* [Your task]:
Each entry has to be reproduced in full, exactly as given.

* [Entries provided]:
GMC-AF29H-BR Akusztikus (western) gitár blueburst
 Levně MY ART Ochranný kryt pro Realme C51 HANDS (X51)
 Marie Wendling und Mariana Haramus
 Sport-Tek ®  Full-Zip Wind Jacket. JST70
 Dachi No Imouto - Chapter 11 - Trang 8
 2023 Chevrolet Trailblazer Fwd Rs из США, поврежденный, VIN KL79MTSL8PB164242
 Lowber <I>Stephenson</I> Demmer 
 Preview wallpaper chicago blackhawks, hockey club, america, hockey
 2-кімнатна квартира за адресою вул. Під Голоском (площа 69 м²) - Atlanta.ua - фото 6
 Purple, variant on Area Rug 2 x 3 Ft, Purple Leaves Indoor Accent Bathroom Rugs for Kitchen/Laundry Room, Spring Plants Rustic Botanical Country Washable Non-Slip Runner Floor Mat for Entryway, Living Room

* [Exercise result]:
GMC-AF29H-BR Akusztikus (western) gitár blueburst
 Levně MY ART Ochranný kryt pro Realme C51 HANDS (X51)
 Marie Wendling und Mariana Haramus
 Sport-Tek ®  Full-Zip Wind Jacket. JST70
 Dachi No Imouto - Chapter 11 - Trang 8
 2023 Chevrolet Trailblazer Fwd Rs из США, поврежденный, VIN KL79MTSL8PB164242
 Lowber <I>Stephenson</I> Demmer 
 Preview wallpaper chicago blackhawks, hockey club, america, hockey
 2-кімнатна квартира за адресою вул. Під Голоском (площа 69 м²) - Atlanta.ua - фото 6
 Purple, variant on Area Rug 2 x 3 Ft, Purple Leaves Indoor Accent Bathroom Rugs for Kitchen/Laundry Room, Spring Plants Rustic Botanical Country Washable Non-Slip Runner Floor Mat for Entryway, Living Room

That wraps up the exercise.